Mrs. Rocky is the high mantainance type and requires alot of attention. I just wish I could get her more into trains like years ago.

Well I'd better run for now going on 3 AM again - looks like the house again for me tomorrow








But table 13 is built and I did some planning on it. Hopefully I can do #14 before the weekend.
Pictures next time ....

Rocky


----------



## John J (Dec 29, 2007)

The concrete pad I do all my welding on is 32 x 40 So you got quite a large space to build in. It is looking great. After 5 years with out a RR I can see you wanting to be down there working. 

JJ


----------



## GN_Rocky (Jan 6, 2008)

All right, here comes the long awaited and slightly late update on the progress of the road... 
Don't expect to see alot, I DID have to drywall the outer wall and one of the inner walls prior to doing anything else and part of the outer wall was a REAL pain with pipes running out for the studs and wired to move from the outside of the studs before the drywall could start. Here is the first shot looking into the room. It's scarey about how much stuff was stored in there


















Lots of stuff going on and everytime I build another table, I got to move lots of stuff, like my own indoor lumber yard.










But the first two tables are in there. Tables 13 & 14 are already in the track placement/planning mode.


















And yes, those are marbles in my gondolas. I keep them there in case I have a day in which I am "losing my marbles", that way I always have plenty around and can stay happy and sane









Room has been procured for table 15. I should be getting a start on it today.
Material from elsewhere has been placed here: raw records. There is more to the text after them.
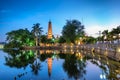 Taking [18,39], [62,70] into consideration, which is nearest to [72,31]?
[18,39]

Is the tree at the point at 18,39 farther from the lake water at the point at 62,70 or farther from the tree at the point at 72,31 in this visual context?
the lake water at the point at 62,70

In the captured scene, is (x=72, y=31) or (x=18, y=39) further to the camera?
(x=18, y=39)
Plenty of supplies as well as track stand ready for use. I always like to have what I need on hand because at 2 o'clock in the morning you can go out and buy train stuff and wal-nart just doesn't keep in stock or carry for that manner what I need to going to continue my mission to build the railway.
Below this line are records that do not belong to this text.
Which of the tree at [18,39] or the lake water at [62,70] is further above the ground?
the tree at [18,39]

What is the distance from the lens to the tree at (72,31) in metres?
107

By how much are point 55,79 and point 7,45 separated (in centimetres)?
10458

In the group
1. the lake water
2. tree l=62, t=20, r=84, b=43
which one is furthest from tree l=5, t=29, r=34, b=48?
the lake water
Well that's about it for now. Guess I will go and cut some 2x4s and get going on table 15. 
There is a "gap" that will occur between tables 14 and 15. I will acutally move this 10-11" gap between tables 13 & 14. In the "gap" I will build a 10 inch or so wide insert, but the "top" will not be there, it will have a bottom piece of plywood and I will "fill in" along the sides of the gap section to make a small river. This gap section will be bolted to table 13 and table 14 on the ends to keep it tight, so it will not have legs. Once that is done and I build the short bridges, I can get the clear resien and pour it in to simulate water just like the HO guys do. Perhaps I can put some little tiny fishies in the river for detail







THe nice thing about indoors is you can add these little details that you would have to do outside. 
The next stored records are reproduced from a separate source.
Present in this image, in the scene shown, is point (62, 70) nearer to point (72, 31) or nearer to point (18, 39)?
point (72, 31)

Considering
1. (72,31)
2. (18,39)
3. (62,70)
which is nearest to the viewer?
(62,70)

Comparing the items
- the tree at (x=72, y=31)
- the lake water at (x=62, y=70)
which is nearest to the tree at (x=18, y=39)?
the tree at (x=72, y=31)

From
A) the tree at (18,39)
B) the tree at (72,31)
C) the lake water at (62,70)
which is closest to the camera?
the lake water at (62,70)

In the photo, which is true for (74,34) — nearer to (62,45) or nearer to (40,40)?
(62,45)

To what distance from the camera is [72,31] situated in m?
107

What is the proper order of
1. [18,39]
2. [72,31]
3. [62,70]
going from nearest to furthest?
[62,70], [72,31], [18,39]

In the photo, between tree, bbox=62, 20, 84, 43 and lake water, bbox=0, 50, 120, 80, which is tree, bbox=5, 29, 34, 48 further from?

Stay tuned for more updates









Rocky


----------



## GN_Rocky (Jan 6, 2008)

Time for another update, overdue as usual, but when your outta town - oh well








No pictures this post yet, but I can report that table 15 is done and in position







Buildings are coming together as well as scenery to build the room. Drywalling is down to the one inner wall that is between the room and the bathroom and I've already started the framing of the tunnel(s) to tranision between the rooms. Next table will be 16 that goes along the other inner wall to contain the cold storage facility to supply apples and pears to the road. The other inner wall will have table 17 to accomidate a lumber mill complex to supply wood products to the road. As soon as I get other things done and unpack the truck, I will get to work again and post the pictures. I do have a few "in progress shots". Perhaps I can post them later today.

Stay tuned










Rocky


----------



## GN_Rocky (Jan 6, 2008)

Ok, we're 10 days from the last update and the holidays has kept me pretty busy








But as I type this, scenery work has begun in the resource room. Man this takes a heck of a lot more work than layin' track outdoors. But I want this to look nice, so it's taking time to do. I want this to be the most. Here's a couple pictures of the slow progress. I'm just starting to detail the scene. Quality is not as good as usual cause I was fightin' with the camara


----------



## kormsen (Oct 27, 2009)

you are working quick and got nice results. 

but each time i see your pics, i ask myself, how you are going to paint your backgrounds without messing up your previous work.


----------



## GN_Rocky (Jan 6, 2008)

With the holidays soon coming to an end, I dhould get more time to post AND work on progress forward !!! 

When I last posted, we were at this point ...










I had just started to get a foothold into the resource room. 
Now progress is slow mind you, but some advancing has been done. So we start on the next 4 feet of space starting with this.










A cleared of section of table is always a good start








But when doing wide tables, one must start from the back and move forwards.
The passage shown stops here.